Your objective
Your copy must hold every line of the records word for word. It must hold no pictures.

Information provided
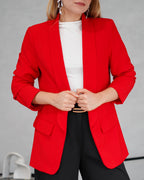 Blazer manga larga con forro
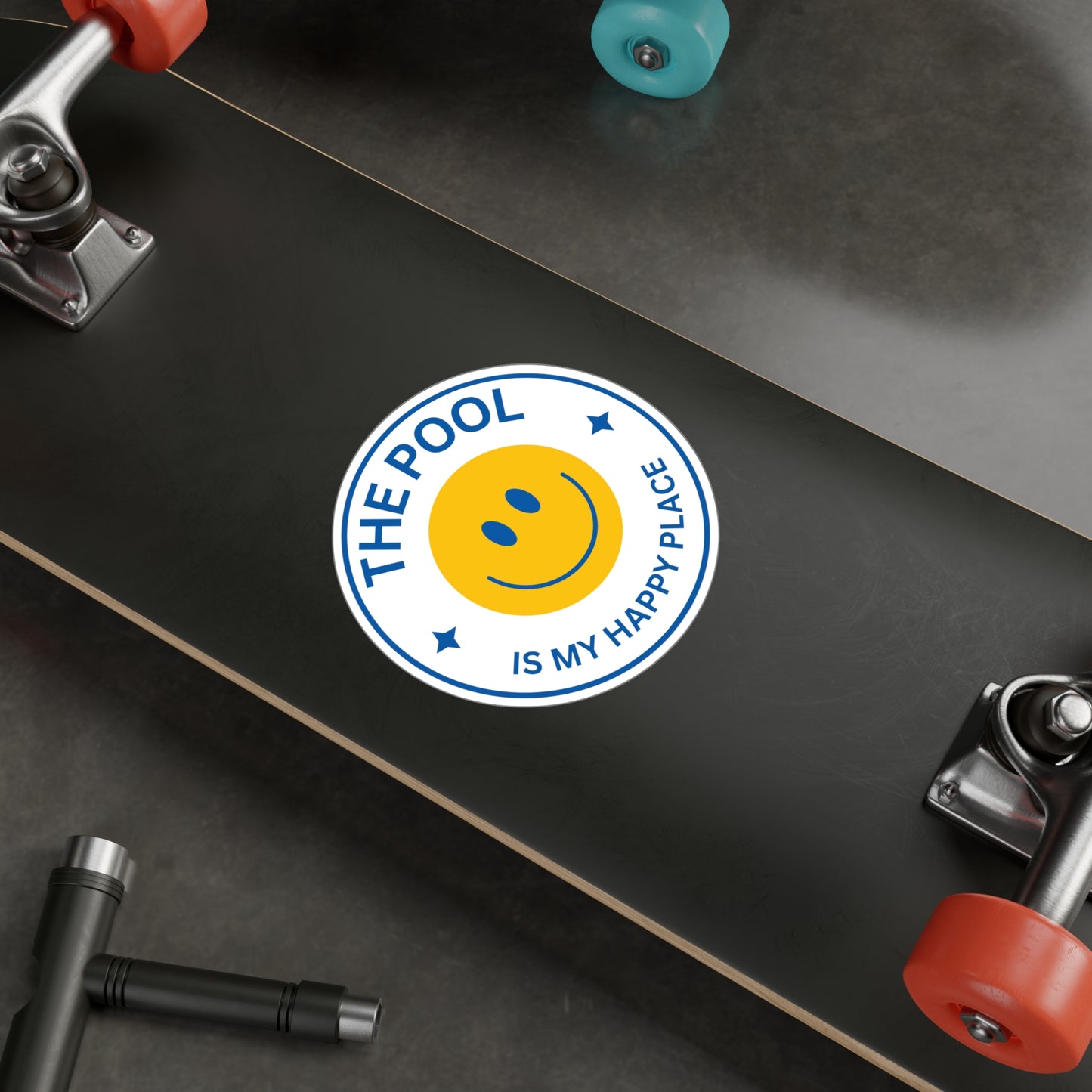 Pool Happy Place: Vinyl Decal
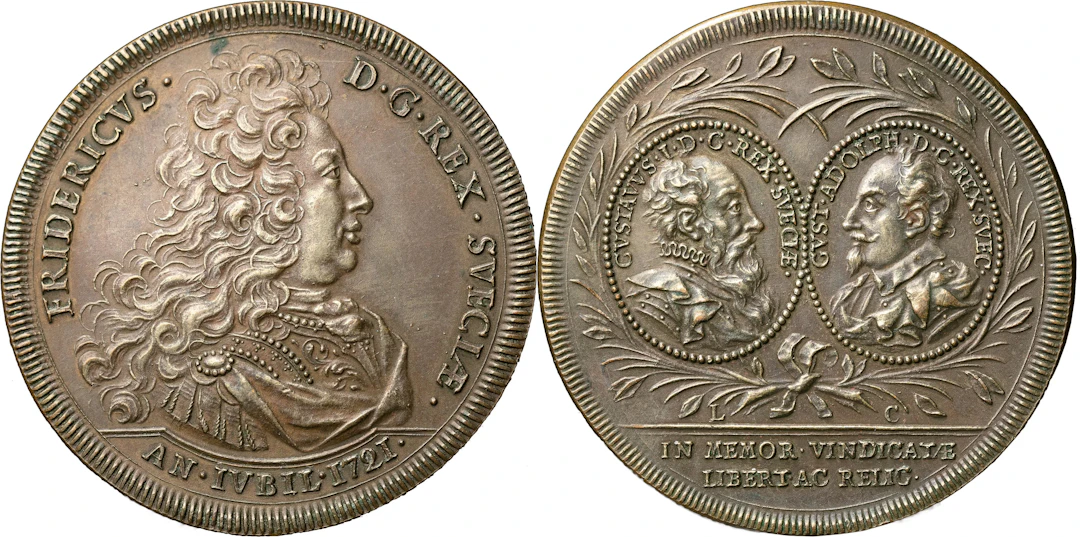 FREDRIK (1720-1751). STOCKHOLM. Riksdaler 1721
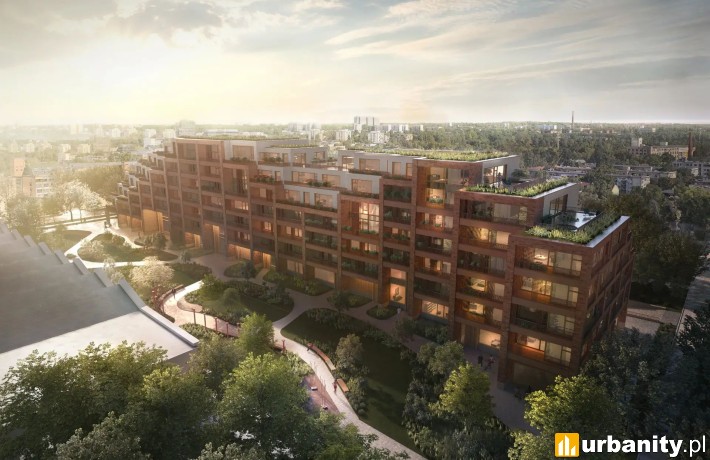 Projekt inwestycji przy Senatorskiej 50/58 w Łodzi, wiz. materiały dewelopera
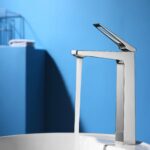 Blandare till handfat PARKER Borstad nickel INOX Hög - Bild 2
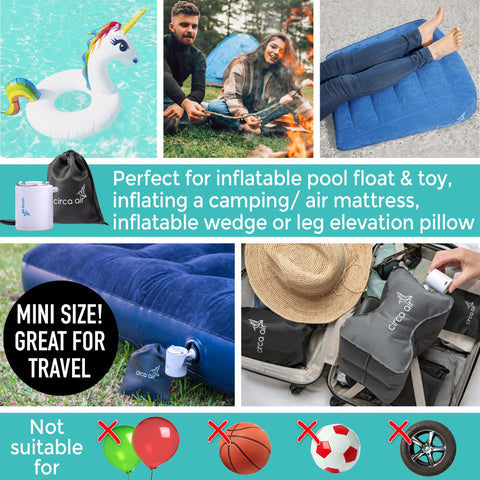 Circa Air mini pump used with vacuum storage bags.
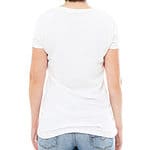 White t-shirt mock up blank close up, female t shirt set isolated over white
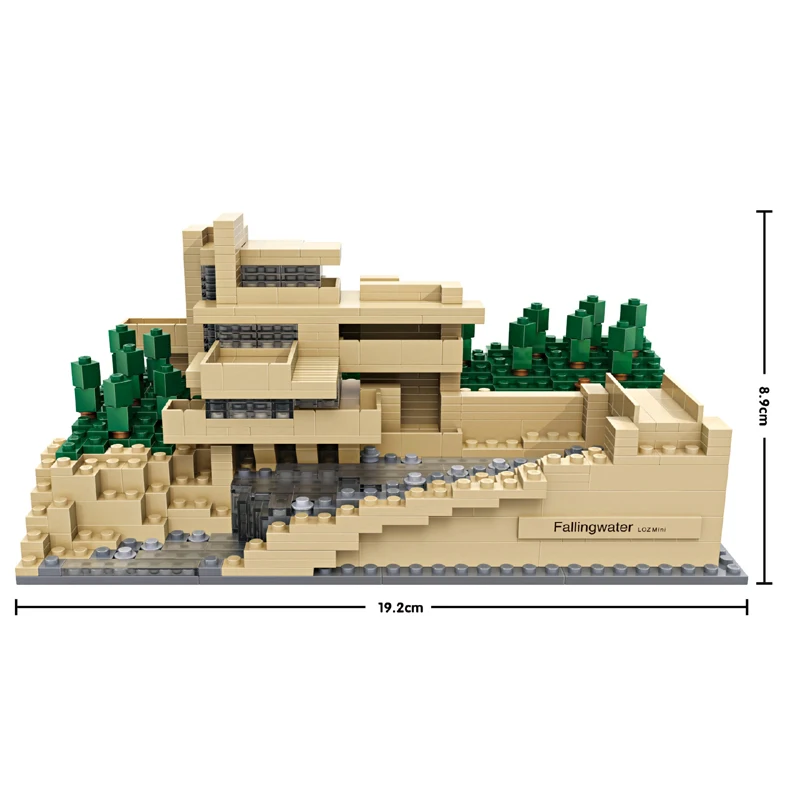 LOZ архитектура Биг Бен Белый дом опера Эйфелева башня Fallingwater мини Конструкторы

Reply to the exercise
 Blazer manga larga con forro
 Pool Happy Place: Vinyl Decal
 FREDRIK (1720-1751). STOCKHOLM. Riksdaler 1721
 Projekt inwestycji przy Senatorskiej 50/58 w Łodzi, wiz. materiały dewelopera
 Blandare till handfat PARKER Borstad nickel INOX Hög - Bild 2
 Circa Air mini pump used with vacuum storage bags.
 White t-shirt mock up blank close up, female t shirt set isolated over white
 LOZ архитектура Биг Бен Белый дом опера Эйфелева башня Fallingwater мини Конструкторы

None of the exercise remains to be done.